Why It’s Important to Build a Cybersecurity Asset Inventory  

By Fabian Libeau, VP sales EMEA at Axonius

https://www.axonius.com/

Cybersecurity asset management is a foundation stone of any security program and fundamental when regulations need to be met. Whether it relates to device discovery, endpoint protection, cloud security, vulnerability management, or anything in between, it is impossible for an organisation to be truly secure unless network and security managers have a complete understanding of everything in their IT environment.

But conventional asset inventory is all too often done manually, which can be both time consuming and liable to error. IT environments are becoming more complex, which means that these approaches are rapidly becoming even more outdated.

There is, however, another approach. By using modern cybersecurity asset management, companies have the option to build a more comprehensive, real-time inventory of their assets, which allows them to uncover gaps and trigger automated response actions if devices or users that connect to the network deviate from agreed-upon security policies, controls and expectations.

Let’s have a look at two key use cases: device discovery and vulnerability management.

Device Discovery

Hundreds, sometimes thousands of devices, users, software applications and cloud instances are connected to today’s networks for management, tracking and security. The sheer number and complexity of these connections mean that gaining a credible and comprehensive asset inventory can be a major challenge for security and network managers.

Unmanaged devices, particularly if they are not known or accounted for, may evade an asset inventory. A mobile phone or a connected printer, for example, cannot be protected by security tools if it’s unknown to the network. Asking Active Directory (AD) to find it won’t work, and manually comparing AD data, network management and endpoint security software is time-consuming and not guaranteed to be accurate. The only way to efficiently gather data on unmanaged devices and determine whether they need to be a part of a patch schedule or have an agent installed is to use a process that continuously monitors for them. 

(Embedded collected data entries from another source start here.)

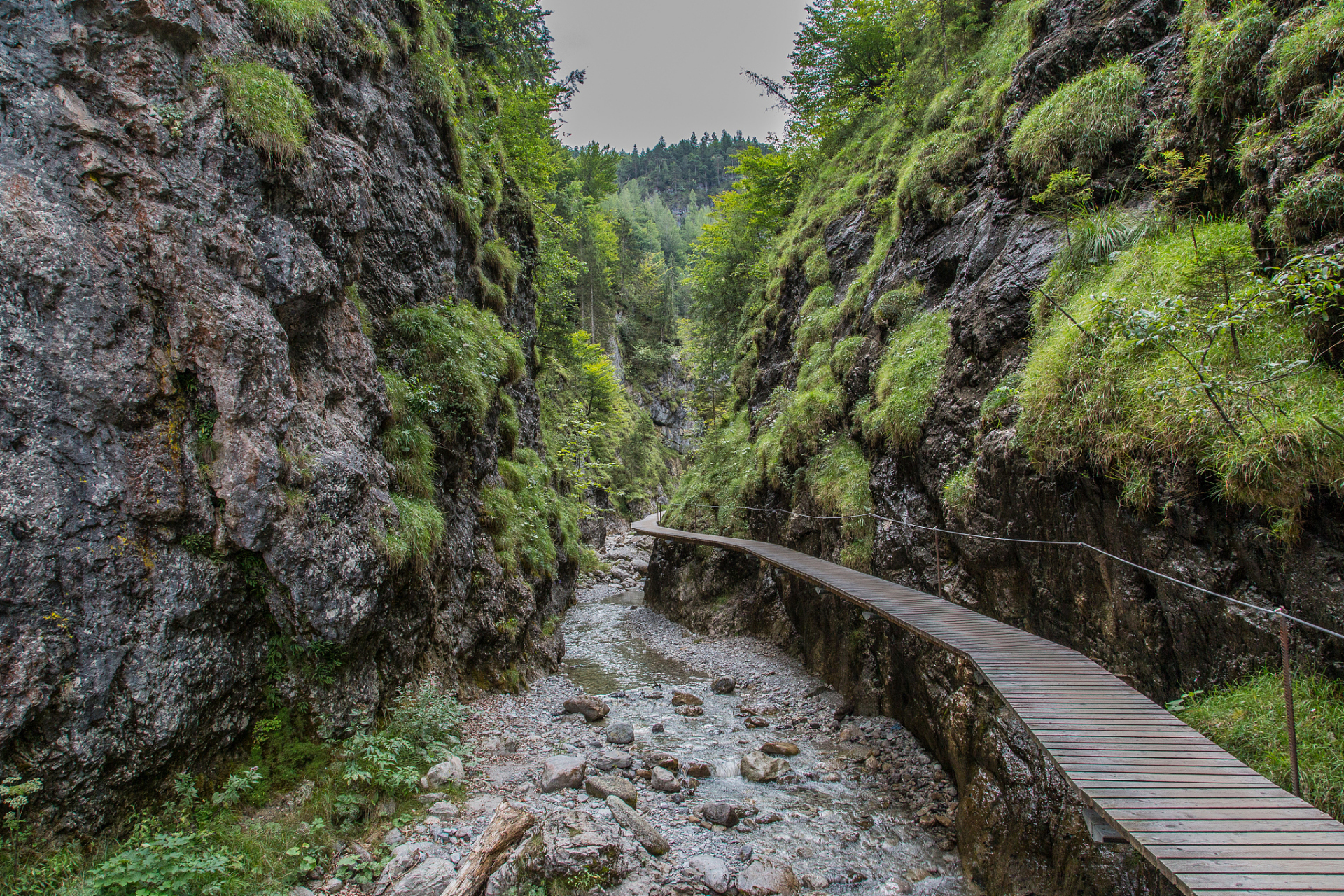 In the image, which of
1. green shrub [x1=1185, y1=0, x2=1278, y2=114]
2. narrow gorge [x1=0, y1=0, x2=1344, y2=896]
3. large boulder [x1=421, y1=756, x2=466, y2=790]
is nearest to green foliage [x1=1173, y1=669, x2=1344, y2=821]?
narrow gorge [x1=0, y1=0, x2=1344, y2=896]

When it comes to ephemeral devices or those that last for a short time, such as containers, cloud workloads, or virtual machines, they can be known and authorised, but it is challenging for security and network teams to identify their presence in real-time. Agent-based approaches tend to fall short as many ephemeral devices don’t have an agent to begin with and network-based tools often lack the contextual data points needed to identify these devices. Without ensuring that the devices have been patched or security agents have been deployed, organisations are putting themselves at greater risk. Finding ephemeral devices requires connecting the sources of where devices are created and deprecated, and that means implementing continuous asset discovery capabilities.

Vulnerability Management

All IT systems are vulnerable, and the gap between vulnerabilities and resource capacity means that it is necessary to prioritise where the greatest risks lie, and by the same token, what the company is willing to ignore.

Vulnerability assessment tools are great for identifying known vulnerabilities on devices. The challenge is ensuring that all devices, including cloud instances and virtual machines, are scanned. The most effective way of gathering this information is to compare two or more trustworthy data sources to help identify any gaps. The challenge for most companies is that data exists in silos which can make comparisons difficult and time-consuming, leaving too much room for human error.

Asset Management for Cybersecurity is the Solution

Asset management platforms for cybersecurity work by gathering an inventory of all the assets that are actively connected to the network so security and network managers can see at-a-glance which ones are in-scope and how they are configured.

The platform works by aggregating data from different sources, assessing which devices are unmanaged or misconfigured and comprehending whether each asset complies with or deviates from agreed-upon security policies. 

This means that vulnerabilities are constantly being monitored across the entire IT infrastructure. In addition, audits and penetration tests can be streamlined and the company remains compliant with industry regulations.

However, if organisations want to get the full potential out of their cybersecurity asset management solution, they need to ensure it is automated, continuous, easy to use and fast to implement. It should integrate with its existing security and management tools so it can derive asset details from a variety of data sources, regardless of whether they are managed, unmanaged, on-premise, or in the cloud. 

The question for network and security managers as cybersecurity risks grow daily is whether they can take the risk of being without an always up-to-date inventory. The ability to uncover gaps in their security defences and the reassurance of action being automated whenever a vulnerability presents itself is becoming increasingly vital as the attack surface continues to expand.